And make diaphragm oscillations.Therefore, the air gap between film and back plate electrode changes with vibration vibration of membrane.Vibrating diaphragm is relative to backboard
The variation of the position of electrode causes the variation of the capacitor between vibrating diaphragm and back plate electrode.This variation of capacitor is in response to film
It moves and is transformed into output signal, and form the electric signal of conversion.
Using similar structure, electric signal can be applied between vibrating diaphragm and back plate electrode to vibrate it and generate
Acoustic pressure wave.Therefore, capacitive MEMS structure also is used as Microspeaker.
Vibrating diaphragm usually passes through one layer of polysilicon layer of deposition, and then etches polycrystalline silicon layer and the sacrificial layer of lower section are formed.
During forming the vibrating diaphragm by semiconductor fabrication process, stress (Stress) parameter of membrane structure is for device
Performance and service life have large effect.The part prior art is controlled by adding other structures on vibrating diaphragm and adjusting is answered
Power.The part prior art adjusts stress parameters by adjusting technological parameter.It is limited to equipment performance, vibrating diaphragm intensity requirement and whole
There is certain stress blind area in the requirement of body unit for electrical property parameters, existing regulative mode, it is difficult to adjust in a wider range
Save the stress of membrane structure.
Summary of the invention
In view of this, the embodiment of the present invention provides a kind of forming method of membrane structure, acoustic-electrical transducer part and its formation
Method obtains desired stress parameters to expand the stress adjustable range for vibrating diaphragm.
According to a first aspect of the embodiments of the present invention, a kind of forming method of membrane structure is provided, which comprises
The first polysilicon layer is deposited on substrate;
The stress of first polysilicon layer is adjusted to scheduled first range;And
The second polysilicon layer is deposited on first polysilicon layer so that the second polysilicon layer has and the first polycrystalline
The different types of stress of silicon layer;And
The stress of second polysilicon layer is adjusted to scheduled second range, so that the entirety of the membrane structure is answered
Power in the desired range in.
Further, the stress of first polysilicon layer is adjusted by ion implanting and/or annealing.
Further, the stress for adjusting first polysilicon layer includes successively executing following steps:
Carry out ion implanting;
It is reoxidized;And
Carry out first time annealing.
Further, by the energy of adjusting ion implanting, the doping of ion implanting and/or annealing temperature to adjust
State the stress of the first polysilicon layer.
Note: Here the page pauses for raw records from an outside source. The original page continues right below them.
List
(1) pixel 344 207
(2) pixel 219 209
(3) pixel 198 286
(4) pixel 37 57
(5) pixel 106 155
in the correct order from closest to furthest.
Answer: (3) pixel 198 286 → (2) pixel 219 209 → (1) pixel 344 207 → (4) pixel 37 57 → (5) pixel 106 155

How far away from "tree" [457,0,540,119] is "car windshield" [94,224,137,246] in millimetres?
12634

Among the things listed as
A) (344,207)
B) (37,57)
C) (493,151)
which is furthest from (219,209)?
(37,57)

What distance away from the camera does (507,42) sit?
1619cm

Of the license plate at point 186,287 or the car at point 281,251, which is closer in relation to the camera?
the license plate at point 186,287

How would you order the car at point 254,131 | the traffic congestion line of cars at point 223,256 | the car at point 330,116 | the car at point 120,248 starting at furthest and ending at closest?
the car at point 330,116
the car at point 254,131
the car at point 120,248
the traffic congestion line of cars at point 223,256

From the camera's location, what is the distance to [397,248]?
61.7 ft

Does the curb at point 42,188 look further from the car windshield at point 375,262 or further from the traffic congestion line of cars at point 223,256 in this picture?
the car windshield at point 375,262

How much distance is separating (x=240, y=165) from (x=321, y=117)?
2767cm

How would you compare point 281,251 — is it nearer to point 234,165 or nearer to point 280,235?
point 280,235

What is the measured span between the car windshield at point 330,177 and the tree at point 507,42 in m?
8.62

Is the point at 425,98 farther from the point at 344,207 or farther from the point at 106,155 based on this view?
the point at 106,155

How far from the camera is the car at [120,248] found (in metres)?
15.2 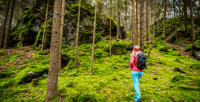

Further, the forming method of second polysilicon layer are as follows: pass through low pressure in the environment of having doped source
Learn vapor deposition (LPCVD) deposit polycrystalline silicon.
Further, the stress of second polysilicon layer is adjusted by second of annealing.
Further, described to be annealed into rapid thermal annealing for the second time.
Further, first polysilicon layer and second polysilicon layer have different-thickness.
Further, first polysilicon layer and second polysilicon layer are deposited using different technology types, with
So that first polysilicon layer and second polysilicon layer generate different types of stress;And/or
First polysilicon layer and second polysilicon layer are deposited using different technological parameter, so that described the
One polysilicon layer and second polysilicon layer generate different types of stress.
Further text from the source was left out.